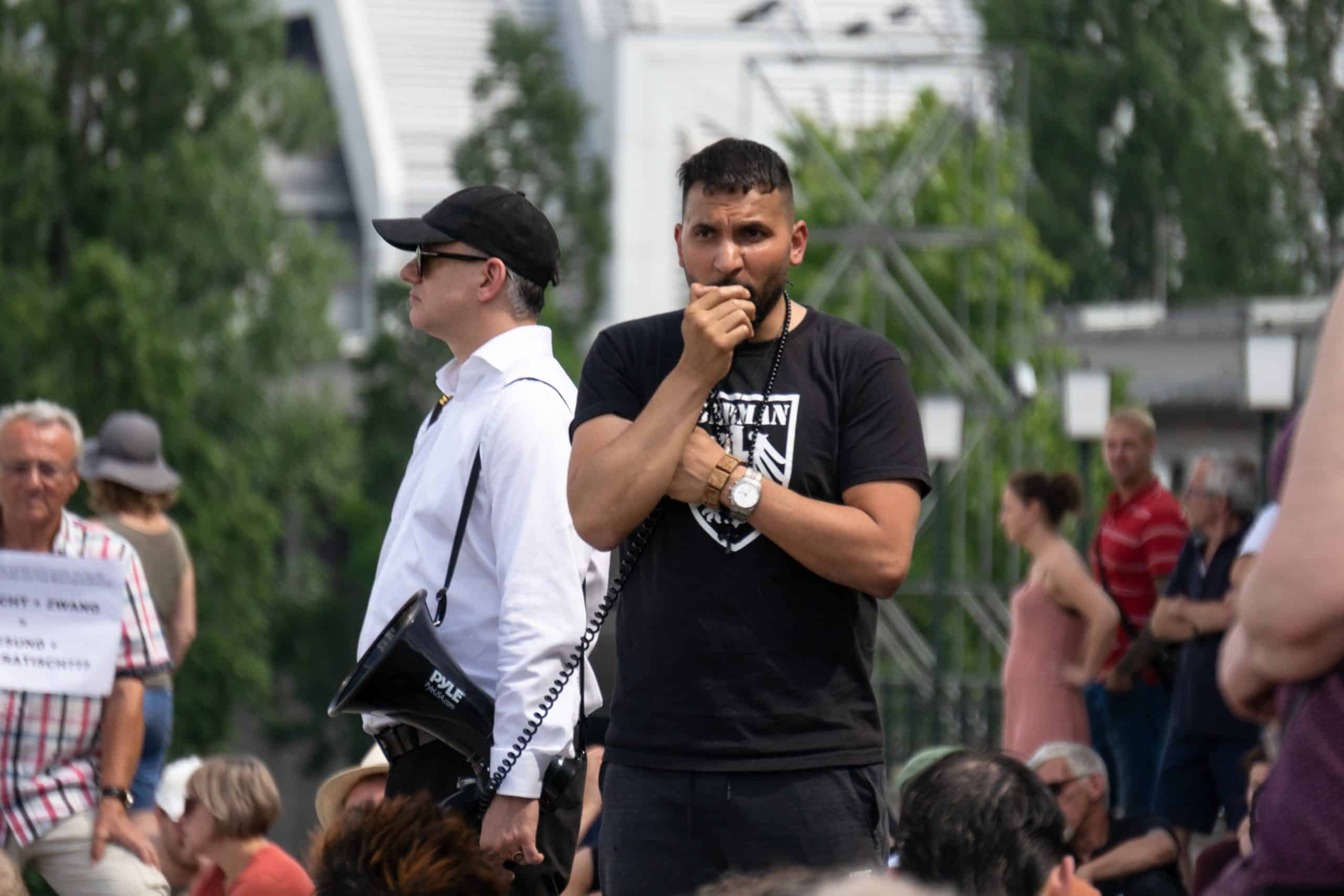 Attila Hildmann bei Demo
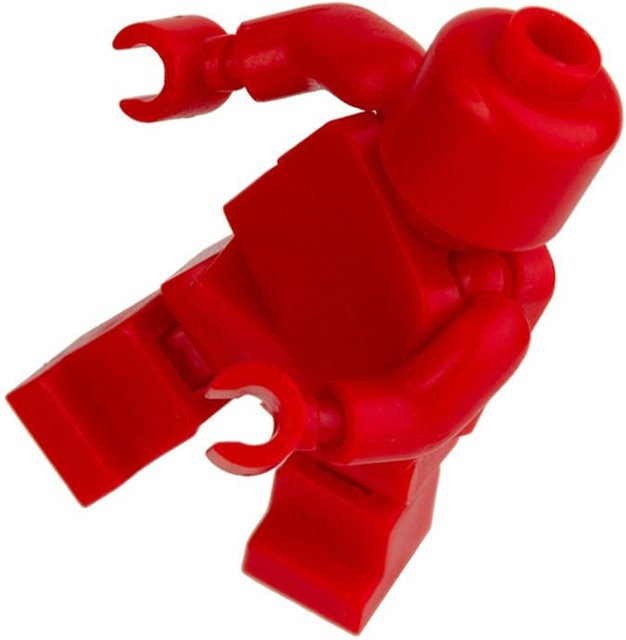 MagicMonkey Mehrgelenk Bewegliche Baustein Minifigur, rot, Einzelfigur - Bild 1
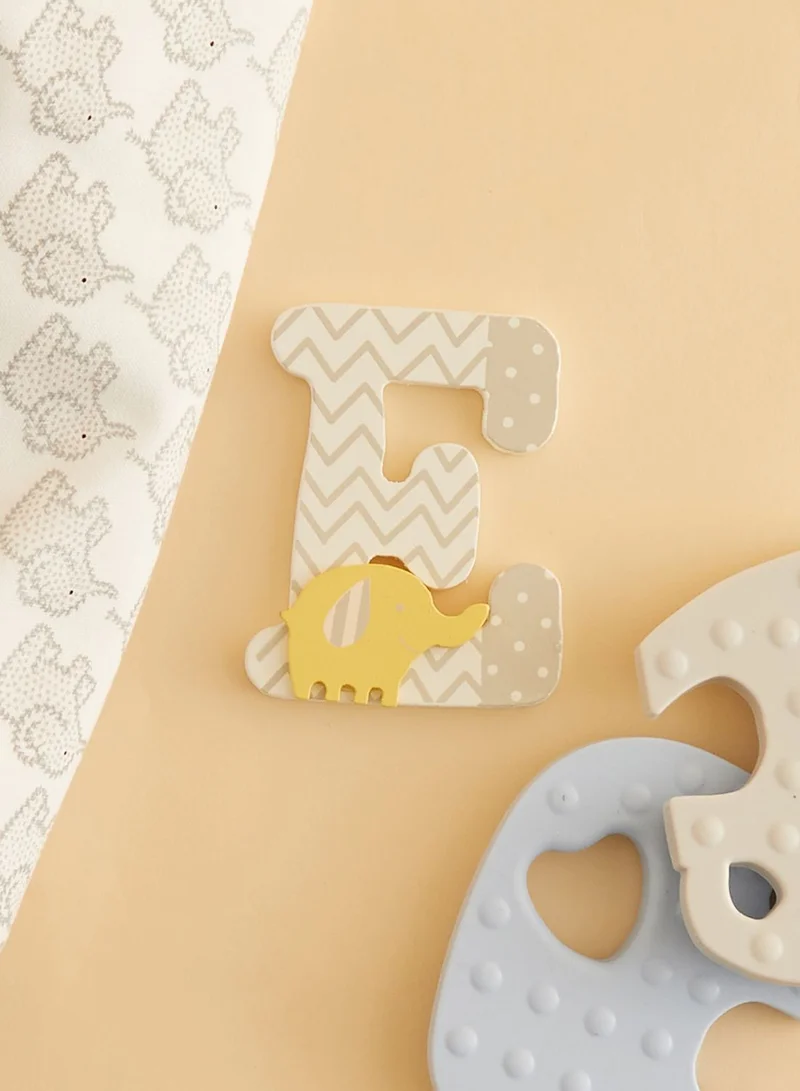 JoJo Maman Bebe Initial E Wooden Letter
--
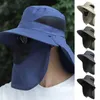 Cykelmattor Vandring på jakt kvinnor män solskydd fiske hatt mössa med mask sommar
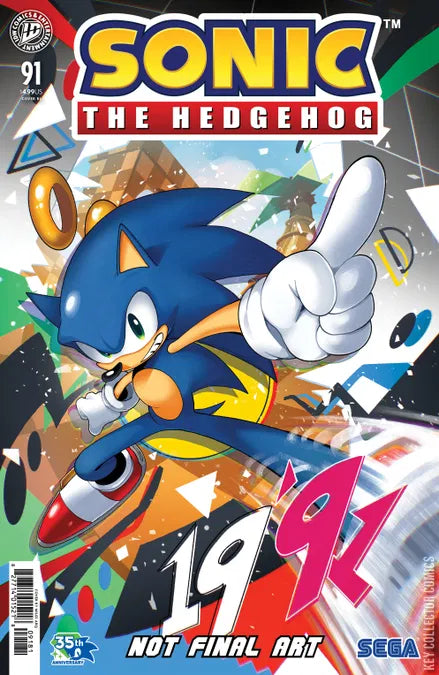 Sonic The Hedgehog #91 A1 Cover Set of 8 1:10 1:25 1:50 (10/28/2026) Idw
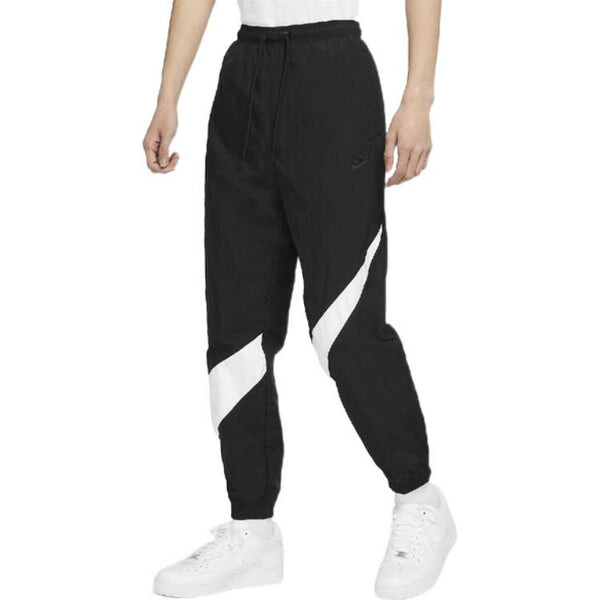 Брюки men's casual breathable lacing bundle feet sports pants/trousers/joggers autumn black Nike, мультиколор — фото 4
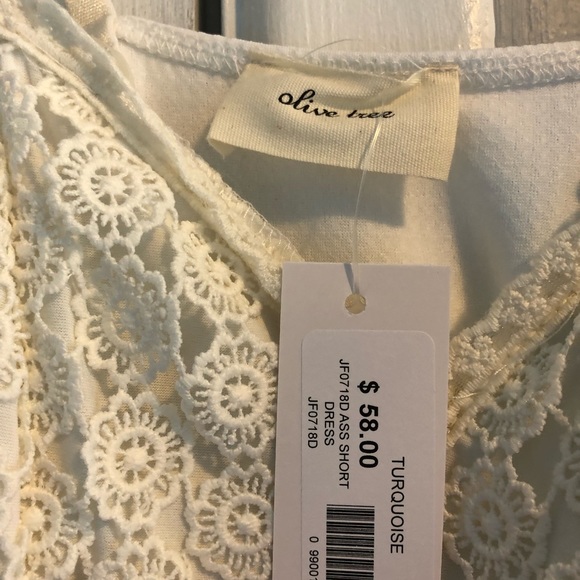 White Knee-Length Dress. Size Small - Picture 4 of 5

◆ **WHAT TO PRODUCE**
When you reach the line with "Брюки men's casual" in the records above, start writing out each line exactly, and stop after the line with "White Knee-Length Dress.". Pictures stay out.

◆ **ANSWER TO THIS TASK**
 Брюки men's casual breathable lacing bundle feet sports pants/trousers/joggers autumn black Nike, мультиколор — фото 4
 White Knee-Length Dress. Size Small - Picture 4 of 5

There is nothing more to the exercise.